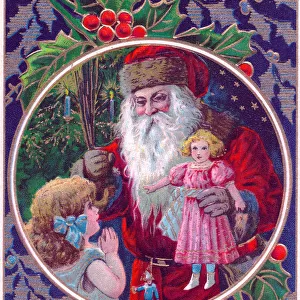Santa Claus with girl and doll on a Christmas postcard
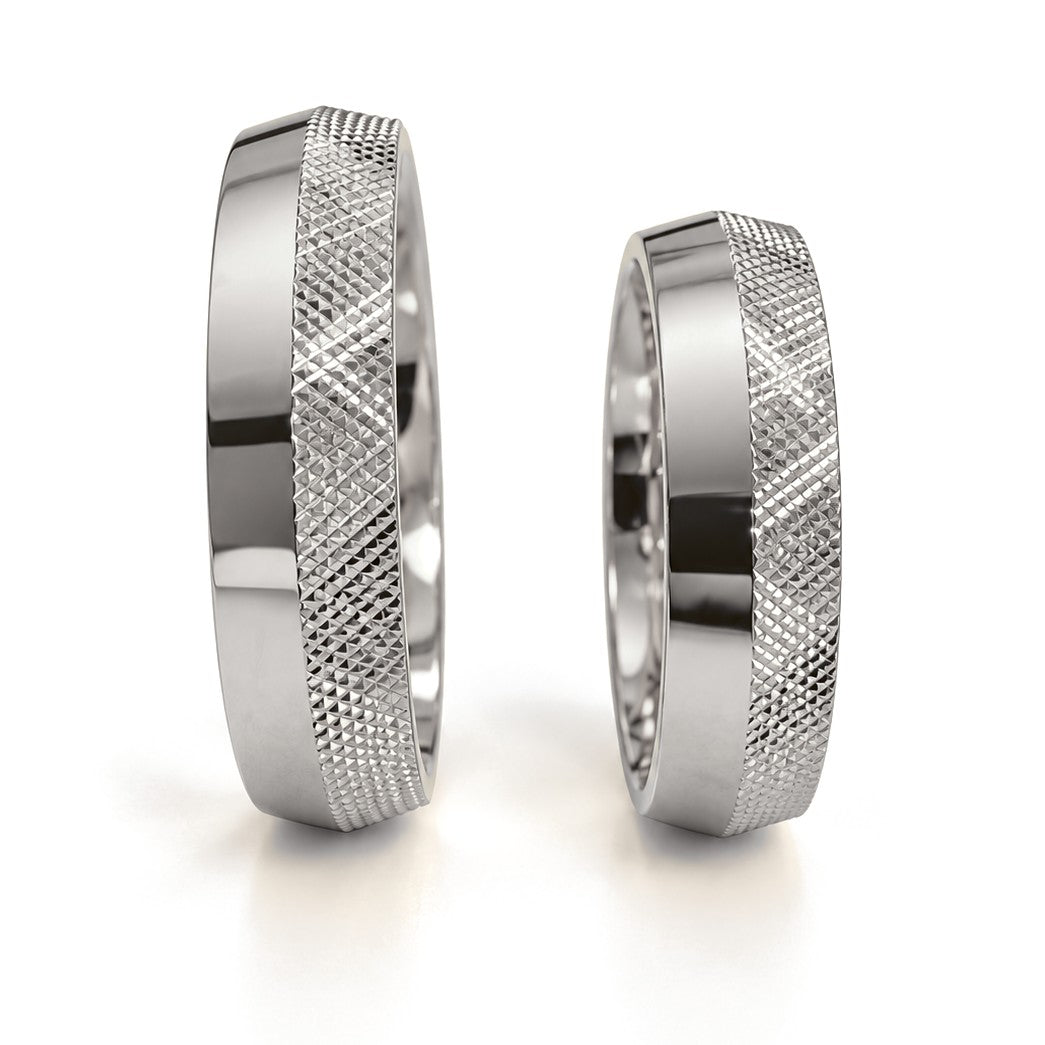 Crosshatch Gold Wedding Band Set · White Gold · Set · Side View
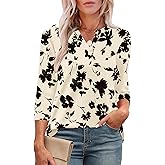 LOMON Womens 3/4 Length Sleeve Tops V Neck Business Casual Blouses Summer Tees Shirts 2026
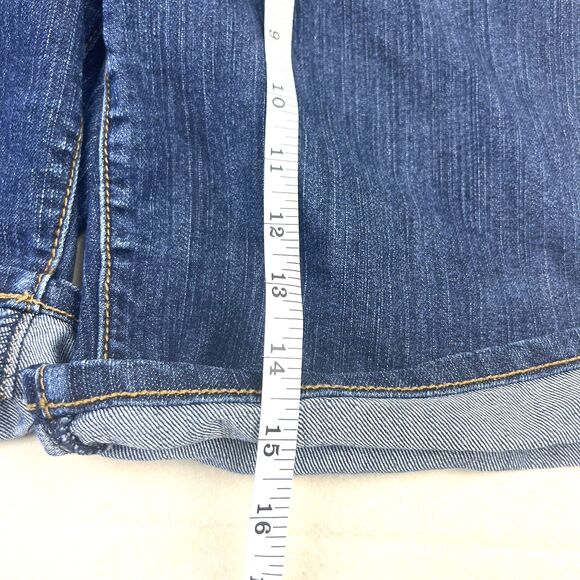 Southpole Womens Bermuda Denim Shorts With Gold Logo, Embroidered Back Pockets - Picture 8 of 14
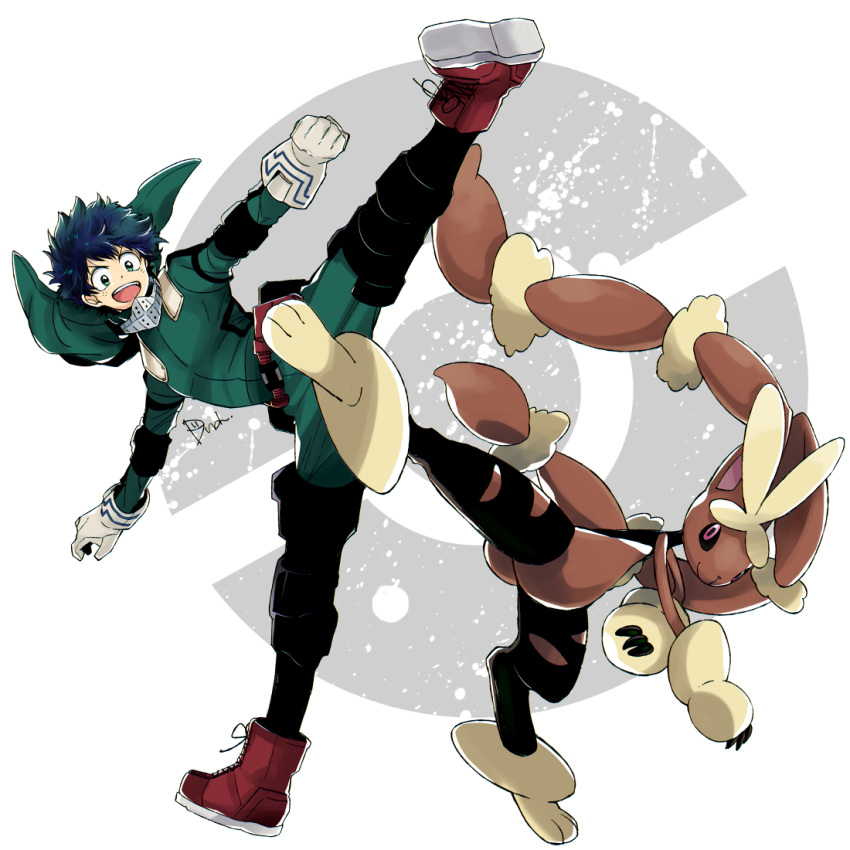 alternate_hair_color black_legwear blue_hair bodysuit boku_no_hero_academia clenched_hands crossover dandel freckles gloves green_bodysuit hood hood_down kicking looking_at_viewer lopunny mega_lopunny mega_pokemon midoriya_izuku poke_ball_symbol pokemon pokemon_(creature) red_footwear signature white_gloves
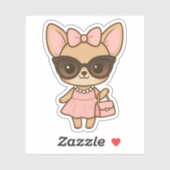 かわいいかわいいファッショニスタチワホアドッグキスカット シール (シート)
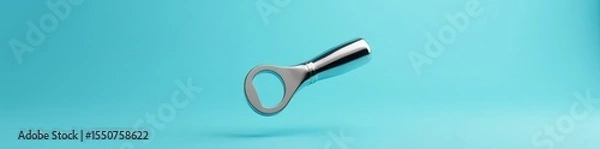 Obraz Floating chrome bottle opener, light blue background, illustration, object, simple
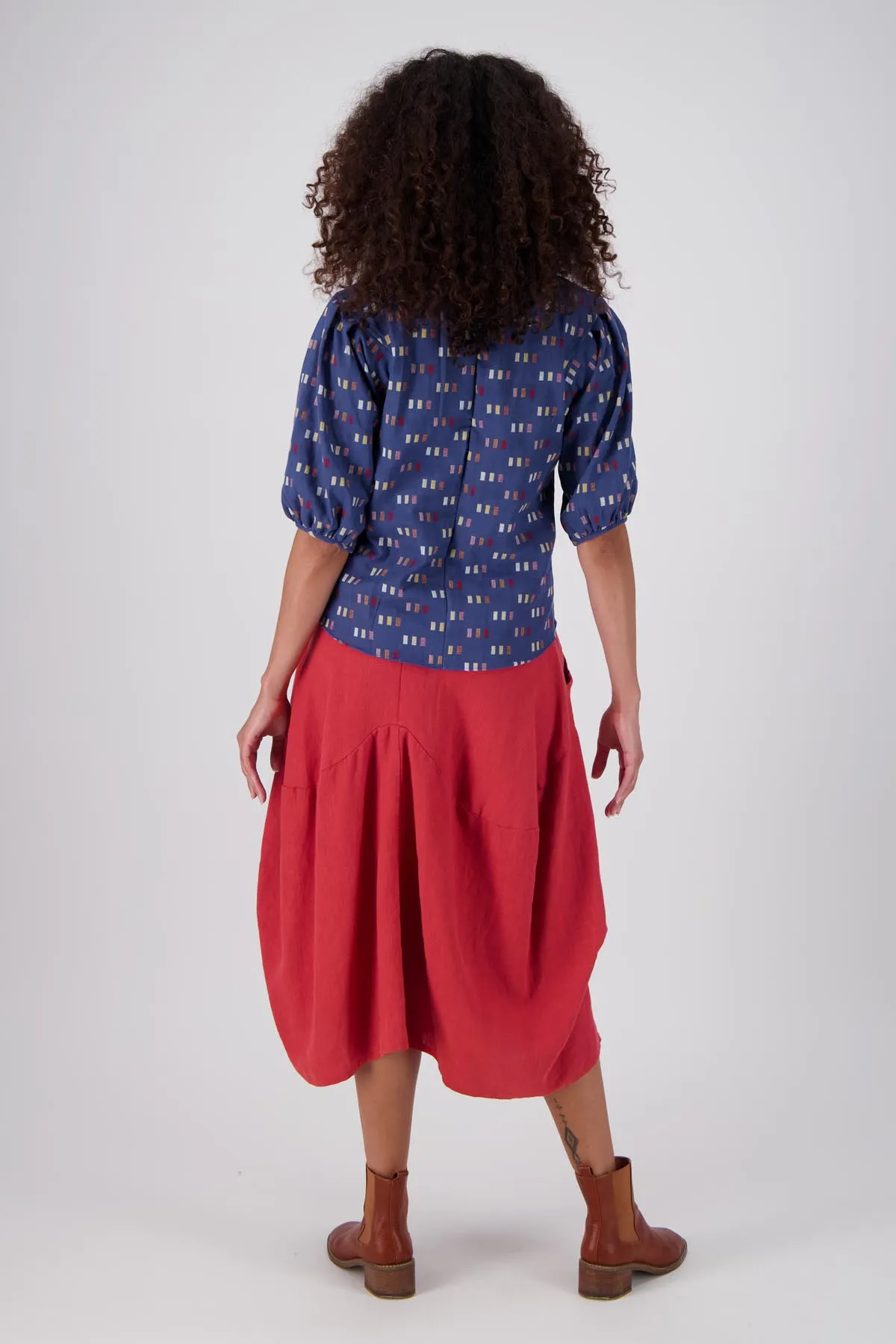 Telegraph Blouse Blue in Woven Cotton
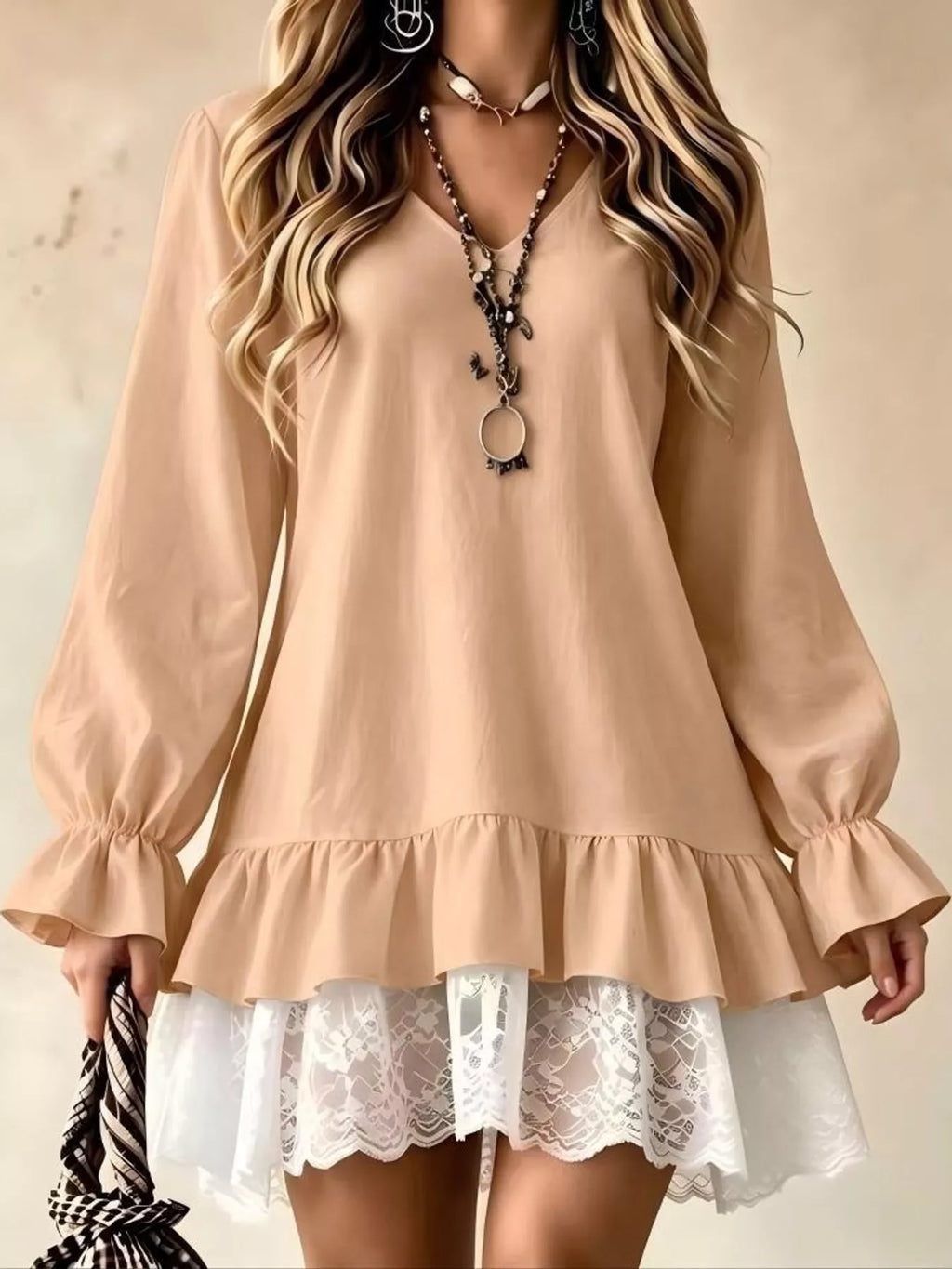 Lace Hem V-Neck Flounce Sleeve Dress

----------

_Exercise prompt_:
Starting at the line with "Obraz Floating chrome" and stopping at the final line of the material, reproduce each line exactly, both ends included. Leave the pictures out.

_Response area_:
 Obraz Floating chrome bottle opener, light blue background, illustration, object, simple
 Telegraph Blouse Blue in Woven Cotton
 Lace Hem V-Neck Flounce Sleeve Dress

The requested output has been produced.